Creating a file system audit policy

File Services Administration Guide for Hitachi NAS Platform

Version
14.7.x
14.6.x
Audience
anonymous
Part Number
MK-92HNAS006-29
The file system audit policy specifies access restrictions for clients connecting through unauditable protocols (if access is allowed or denied), and specifies audit log details. The audit log policy specifies naming, location in the file system, size, the log roll over policy, and the backup policy.
  1. Navigate to Home > Files Services > File System Audit Policies, and click add to display the Add File System Audit Policy page.

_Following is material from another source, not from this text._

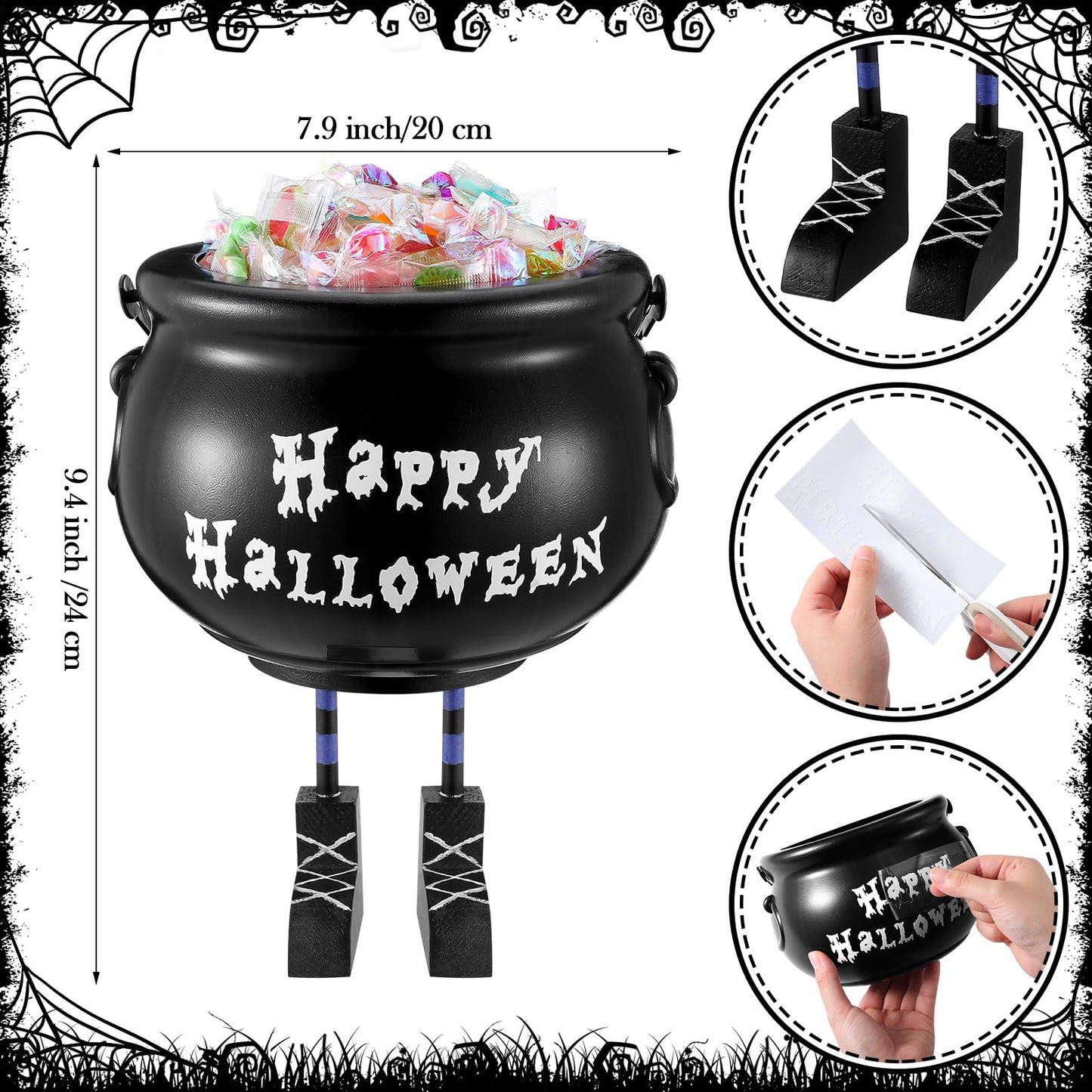 Shappy Halloween Decorations Cauldron Candy Bowl 8 Inch Plastic Black Witches Legs Candy Dish Bucket for Halloween Decor with Stickers Kitchen Trick or Treat Party Supplies Home Indoor Decor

    Field/Item Description
    EVS/File System Lists the currently selected EVS and file system, to which the audit policy will apply. Click change to go to the Select a File System page, where you can select a different EVS and file system.
    Access via Unsupported Protocols When clients attempt to access the file system through a protocol that does not support auditing (such as NFSv2), this setting determines if those clients are permitted to access the file system. You can select either:
    • Deny Access. Client access to the file system using unauditable protocols (such as NFSv2) is denied.
    • Allow Access. Allows client access to the file system using unauditable protocols (such as NFSv2), but does not create any auditing events.
    Audited Protocols When clients attempt to access the file system through a protocol that does not support auditing (such as NFSv2), this setting determines if those clients are permitted to access the file system. You can select either:
    • smb. Only the SMB protocol is audited. Access to SMB is always allowed, and access via other protocols is determined via the Other Protocol Support option.
    • smb, nfsv3. Both the SMB and NFSv3 protocols are audited. Access to SMB and NFSv3 is always allowed, and access via other protocols is determined via the Other Protocol Support option.
    External Stops the audit records from being stored locally (including audit log backups) and instead only makes them available to an external audit log server. To configure an external logging server, use the audit-syslog CLI command or for third-party audit logging applications, configure an audit log consolidated cache and then read the audit logs using the Windows EVENTLOG protocol.
    Active Log File Name Specify the file name for the file system audit log. The file name must have an .evt extension. The default file name is audit.evt.
    Logging Directory Specify the directory within the file system in which the file system audit log files are saved. You can use the browse button to search for an existing directory, or enter the name of a directory to be created.
    Maximum Log File Size Specify the maximum size of the active audit log file in KiB or MiB. The default size is 512 KiB. The maximum log file size is 50 MiB.
    Log roll over policy Determines what the system does once the active audit log file is full (when it reaches the Maximum Log File Size). You can select either:
    • Wrap, which causes the system to delete the oldest existing audit entry to allow room for a new entry.
    • New, which causes the system to create a new active audit log file. The default is New.
    Backup Interval Specify the time (in minutes) between automatic backups of the active audit log. The backup interval must be between 5 and 14400 minutes (10 days). A value of 0 disables the automatic backups. The default is 0.
    Number of files to retain Specify the number of backup audit log files to retain. The default is 10. The maximum number of files to retain is 50.
  2. Specify the access settings for unsupported (unauditable) protocols
    • Deny Access. Client access to the file system using unauditable protocols (such as NFS) is denied.

      Specifying Deny Access generates an error if there is an NFS export mounted on an unauditable client or the file system has a FTP user that has a directory available. To ensure this error is not generated, you can remove the NFS export for the file system, remove the FTP user, or select the Allow Access option.

    • Allow Access. Allows client access to the file system using unauditable protocols (such as NFS), but does not create any auditing events.
  3. Specify the name for the active audit log file. The file type suffix must be .evt.
  4. Click browse to specify an existing logging directory, or enter the name of a directory to create.
    For ease of access to the audit log files, the logging directory should be within in a CIFS share that can be accessed by those who need to review the access log.
  5. Specify the maximum log file size.
  6. Specify the roll over (retention) policy.
  7. Specify the backup interval.
  8. Specify the number of files to retain.
  9. Click OK to save the policy as specified.